Il n’assista pas aux leçons, mais, le soir, le prince alla le trouver et lui dit :

— Monsieur de Chateaubriand, je désire que vous m’interrogiez sur l’histoire, en voulant bien faire attention qu’à mon âge l’étude de l’histoire porte essentiellement sur des faits.

Il répondit parfaitement à toutes les questions qui lui furent posées, et cette instruction étonna son examinateur.

— Je suis bien aise que vous soyez satisfait de mon savoir. J’ai pu ainsi vous donner une idée de ce que font pour moi ceux à qui mon éducation est confiée. A mon tour de vous interroger.
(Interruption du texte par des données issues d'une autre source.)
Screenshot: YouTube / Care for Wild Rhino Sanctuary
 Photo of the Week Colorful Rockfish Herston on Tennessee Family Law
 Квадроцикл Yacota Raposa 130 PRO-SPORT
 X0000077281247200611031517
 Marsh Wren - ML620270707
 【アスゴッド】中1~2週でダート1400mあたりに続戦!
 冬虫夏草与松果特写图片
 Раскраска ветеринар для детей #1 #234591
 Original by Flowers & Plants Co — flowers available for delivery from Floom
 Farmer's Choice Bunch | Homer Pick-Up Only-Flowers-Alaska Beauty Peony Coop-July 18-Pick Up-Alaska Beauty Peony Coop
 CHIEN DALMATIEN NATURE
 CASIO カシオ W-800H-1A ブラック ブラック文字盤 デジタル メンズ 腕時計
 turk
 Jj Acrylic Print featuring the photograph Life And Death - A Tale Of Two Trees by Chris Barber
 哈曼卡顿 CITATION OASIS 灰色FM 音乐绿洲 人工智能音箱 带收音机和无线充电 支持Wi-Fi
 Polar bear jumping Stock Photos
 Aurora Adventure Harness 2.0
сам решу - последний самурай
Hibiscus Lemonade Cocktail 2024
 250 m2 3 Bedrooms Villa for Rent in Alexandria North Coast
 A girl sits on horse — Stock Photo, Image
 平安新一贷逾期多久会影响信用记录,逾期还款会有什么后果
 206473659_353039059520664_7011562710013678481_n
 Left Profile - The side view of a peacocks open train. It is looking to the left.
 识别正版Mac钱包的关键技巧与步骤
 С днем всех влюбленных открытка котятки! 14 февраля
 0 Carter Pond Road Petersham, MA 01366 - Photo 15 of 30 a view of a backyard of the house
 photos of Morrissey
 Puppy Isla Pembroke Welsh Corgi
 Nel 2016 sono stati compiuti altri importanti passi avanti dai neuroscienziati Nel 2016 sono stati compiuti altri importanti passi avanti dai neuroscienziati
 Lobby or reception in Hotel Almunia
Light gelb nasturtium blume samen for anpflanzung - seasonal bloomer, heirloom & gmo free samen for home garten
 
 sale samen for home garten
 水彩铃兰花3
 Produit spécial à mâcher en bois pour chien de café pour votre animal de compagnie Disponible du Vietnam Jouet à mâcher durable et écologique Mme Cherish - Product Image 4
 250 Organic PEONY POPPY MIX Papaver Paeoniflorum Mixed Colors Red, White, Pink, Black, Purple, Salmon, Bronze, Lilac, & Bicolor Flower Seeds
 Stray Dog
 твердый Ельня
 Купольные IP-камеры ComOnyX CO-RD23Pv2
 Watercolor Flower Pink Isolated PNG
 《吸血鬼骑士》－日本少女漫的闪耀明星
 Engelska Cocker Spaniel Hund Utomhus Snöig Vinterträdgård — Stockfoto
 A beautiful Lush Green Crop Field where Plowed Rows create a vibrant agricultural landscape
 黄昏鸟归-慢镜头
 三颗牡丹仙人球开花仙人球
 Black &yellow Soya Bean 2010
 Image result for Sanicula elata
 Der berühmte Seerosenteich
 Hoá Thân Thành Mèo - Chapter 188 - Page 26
Avec beaucoup de grâce et d’intelligence, l’enfant fît causer M. de Chateaubriand sur son voyage à Jérusalem. L’auteur de l’Itinéraire, enchanté, s’anima dans ses récits. Le Duc de Bordeaux l’écoutait avec un profond intérêt. Cette très agréable soirée se passa à la satisfaction de tous.

Pendant le séjour de M. de Chateaubriand à Prague, eut lieu le jubilé pour l’exaltation du Pape. A l’exemple de la famille et de son gouverneur, le Duc de Bordeaux accomplit ses devoirs religieux. A cette occasion, les esprits étroits ne manquèrent pas de faire surgir leurs misérables préjugés, dignes tout au plus du misérable Constitutionnel.

— Pourquoi vous occupez-vous de telles niaiseries ? demanda à l’enfant son valet de chambre, homme dévoué mais sans éducation et d’une profonde ignorance, ayant les manières, le ton et la barbe épaisse d’un grenadier.

— Monseigneur, dit de son côté M. de Trogoff, j’aimerais vous voir plus souvent à cheval qu’à genoux.